Of course, if you have friends or family where you’re stranded, make a party of it! Since I was stuck in L.A. for 24 hours, I called up a couple friends and was able to catch up with them during my long delay.
Bonus: my flight delay insurance paid for my meals so I didn’t have to subsist off of fast food (though I had to provide receipts, so I couldn’t go hog wild).
Check in with an airline customer service agent at the airport if you have any remaining questions or issues.
They are there to help, and can make suggestions for the types of arrangements to make during your delay. But be aware that they are not your personal travel agents – you’ll be responsible for making any arrangements yourself that aren’t covered by the carrier (which, in most cases, will be most/all of them).
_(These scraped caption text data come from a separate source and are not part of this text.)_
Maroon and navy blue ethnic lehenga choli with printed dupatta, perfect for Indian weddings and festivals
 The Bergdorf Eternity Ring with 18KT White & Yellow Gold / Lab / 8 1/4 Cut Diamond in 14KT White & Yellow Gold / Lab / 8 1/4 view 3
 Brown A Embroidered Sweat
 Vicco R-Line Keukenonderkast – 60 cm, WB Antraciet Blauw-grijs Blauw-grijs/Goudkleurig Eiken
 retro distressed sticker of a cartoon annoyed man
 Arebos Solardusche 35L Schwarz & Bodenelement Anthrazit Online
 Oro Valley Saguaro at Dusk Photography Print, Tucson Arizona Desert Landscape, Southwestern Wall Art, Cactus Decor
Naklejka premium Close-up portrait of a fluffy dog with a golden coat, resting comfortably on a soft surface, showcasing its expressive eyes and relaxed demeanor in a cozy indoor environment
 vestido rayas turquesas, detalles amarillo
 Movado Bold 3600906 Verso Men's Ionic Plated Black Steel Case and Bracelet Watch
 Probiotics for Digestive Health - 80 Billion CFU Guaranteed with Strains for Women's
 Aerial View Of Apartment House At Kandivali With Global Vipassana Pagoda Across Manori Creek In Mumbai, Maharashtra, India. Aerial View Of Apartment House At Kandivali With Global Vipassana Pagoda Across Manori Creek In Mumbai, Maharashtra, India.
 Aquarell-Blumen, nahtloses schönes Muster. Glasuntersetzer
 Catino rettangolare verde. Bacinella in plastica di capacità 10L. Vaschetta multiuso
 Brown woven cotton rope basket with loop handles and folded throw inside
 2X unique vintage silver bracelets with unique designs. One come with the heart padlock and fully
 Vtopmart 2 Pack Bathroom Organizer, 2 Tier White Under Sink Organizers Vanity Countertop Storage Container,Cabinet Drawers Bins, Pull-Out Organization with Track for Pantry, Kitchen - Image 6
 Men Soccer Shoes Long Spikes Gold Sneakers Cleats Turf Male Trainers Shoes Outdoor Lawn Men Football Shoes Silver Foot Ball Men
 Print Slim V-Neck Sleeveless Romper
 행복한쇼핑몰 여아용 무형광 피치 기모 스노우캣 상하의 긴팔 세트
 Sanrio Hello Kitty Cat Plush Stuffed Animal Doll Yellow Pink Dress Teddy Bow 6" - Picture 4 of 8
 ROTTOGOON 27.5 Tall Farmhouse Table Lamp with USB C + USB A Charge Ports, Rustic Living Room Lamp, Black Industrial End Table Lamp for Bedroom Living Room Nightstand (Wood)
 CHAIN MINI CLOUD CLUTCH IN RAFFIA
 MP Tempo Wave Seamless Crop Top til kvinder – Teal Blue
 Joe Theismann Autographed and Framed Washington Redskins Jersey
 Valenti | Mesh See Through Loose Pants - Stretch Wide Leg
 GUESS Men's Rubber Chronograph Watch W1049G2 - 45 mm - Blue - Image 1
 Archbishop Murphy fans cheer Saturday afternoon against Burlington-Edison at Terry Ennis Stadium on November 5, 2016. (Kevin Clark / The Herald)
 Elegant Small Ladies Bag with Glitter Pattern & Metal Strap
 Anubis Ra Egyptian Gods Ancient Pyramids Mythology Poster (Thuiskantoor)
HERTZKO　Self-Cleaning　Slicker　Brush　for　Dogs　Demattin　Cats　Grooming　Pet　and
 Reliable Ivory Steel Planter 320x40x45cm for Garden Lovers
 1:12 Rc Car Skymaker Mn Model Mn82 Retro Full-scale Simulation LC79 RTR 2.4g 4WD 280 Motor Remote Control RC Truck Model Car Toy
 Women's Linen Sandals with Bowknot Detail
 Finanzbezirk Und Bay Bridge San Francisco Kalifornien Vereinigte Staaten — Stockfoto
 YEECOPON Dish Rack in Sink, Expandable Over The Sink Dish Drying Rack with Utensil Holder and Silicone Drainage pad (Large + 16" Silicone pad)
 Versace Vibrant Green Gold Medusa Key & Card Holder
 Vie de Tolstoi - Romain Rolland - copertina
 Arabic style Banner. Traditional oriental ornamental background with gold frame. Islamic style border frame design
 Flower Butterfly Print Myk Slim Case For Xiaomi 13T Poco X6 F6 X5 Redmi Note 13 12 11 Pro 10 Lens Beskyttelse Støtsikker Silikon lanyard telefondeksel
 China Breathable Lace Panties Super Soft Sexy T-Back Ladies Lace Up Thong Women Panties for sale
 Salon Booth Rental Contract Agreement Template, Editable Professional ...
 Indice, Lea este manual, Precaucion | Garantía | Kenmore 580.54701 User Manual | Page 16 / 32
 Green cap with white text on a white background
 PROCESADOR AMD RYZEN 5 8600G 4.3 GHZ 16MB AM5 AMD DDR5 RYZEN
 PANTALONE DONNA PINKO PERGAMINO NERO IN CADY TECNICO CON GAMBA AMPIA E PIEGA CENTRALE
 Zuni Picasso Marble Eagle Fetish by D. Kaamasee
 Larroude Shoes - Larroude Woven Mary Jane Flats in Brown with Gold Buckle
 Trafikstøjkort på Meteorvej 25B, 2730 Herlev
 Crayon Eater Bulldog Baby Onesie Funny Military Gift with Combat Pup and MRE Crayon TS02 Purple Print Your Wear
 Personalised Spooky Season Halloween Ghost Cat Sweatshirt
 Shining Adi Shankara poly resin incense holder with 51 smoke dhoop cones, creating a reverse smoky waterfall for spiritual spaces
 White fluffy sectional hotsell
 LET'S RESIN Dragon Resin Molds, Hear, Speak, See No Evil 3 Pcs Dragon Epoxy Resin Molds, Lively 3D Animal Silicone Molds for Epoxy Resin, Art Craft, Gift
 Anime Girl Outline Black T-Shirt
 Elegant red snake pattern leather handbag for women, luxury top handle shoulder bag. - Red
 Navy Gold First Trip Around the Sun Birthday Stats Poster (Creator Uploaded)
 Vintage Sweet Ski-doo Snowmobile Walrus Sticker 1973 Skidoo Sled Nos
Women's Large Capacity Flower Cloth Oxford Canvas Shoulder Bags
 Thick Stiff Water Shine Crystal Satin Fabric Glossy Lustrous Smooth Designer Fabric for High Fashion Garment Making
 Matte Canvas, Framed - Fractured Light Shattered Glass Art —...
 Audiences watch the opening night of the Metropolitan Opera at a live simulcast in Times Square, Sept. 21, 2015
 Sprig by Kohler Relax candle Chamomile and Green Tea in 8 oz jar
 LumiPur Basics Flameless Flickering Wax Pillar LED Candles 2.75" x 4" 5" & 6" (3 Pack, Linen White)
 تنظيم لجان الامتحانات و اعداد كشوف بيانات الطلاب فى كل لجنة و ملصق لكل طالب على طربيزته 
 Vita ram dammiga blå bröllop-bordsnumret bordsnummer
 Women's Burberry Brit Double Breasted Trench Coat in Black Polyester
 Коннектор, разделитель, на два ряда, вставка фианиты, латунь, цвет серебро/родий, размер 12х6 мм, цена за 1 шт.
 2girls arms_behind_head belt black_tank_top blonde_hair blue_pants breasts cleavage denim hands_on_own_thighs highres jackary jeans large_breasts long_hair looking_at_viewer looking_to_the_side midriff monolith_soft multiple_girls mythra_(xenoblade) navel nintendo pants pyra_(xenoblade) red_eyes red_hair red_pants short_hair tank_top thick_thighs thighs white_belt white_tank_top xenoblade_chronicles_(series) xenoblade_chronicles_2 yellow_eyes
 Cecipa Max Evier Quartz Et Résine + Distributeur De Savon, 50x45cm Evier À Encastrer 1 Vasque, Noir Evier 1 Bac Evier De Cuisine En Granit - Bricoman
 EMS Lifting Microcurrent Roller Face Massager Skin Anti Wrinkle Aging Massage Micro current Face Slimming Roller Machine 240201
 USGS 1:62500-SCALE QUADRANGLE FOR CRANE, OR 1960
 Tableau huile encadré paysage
Also, don’t forget to check on the status of your checked luggage before you leave the airport. It’ll likely be held at the airport until your next flight since it’s already checked in, but if you need it, you should be able to retrieve it from baggage services.
It’s always best practice to pack essential toiletries and an extra day of clothes in your carry-on in case you do get stranded somewhere. If you do this, you shouldn’t need to retrieve your checked bag.
I didn’t heed this advice for my Australia trip and paid dearly by having to re-wear the same clothes for 48 hours.
Don’t be like me. Always pack spare clothes.
Try to maintain a positive attitude.
Don’t get me wrong, travel delays suck. I was extremely disappointed to miss a day of my vacation in Australia. But at the same time, I was still on vacation even if it wasn’t where I had wanted or expected to be. So I tried to treat it that way.
I caught up with friends that I hadn’t seen in years, did some work for my blog (like writing this post), and made the most of it. The delay is already a drag, so don’t make it worse on yourself by wallowing in it.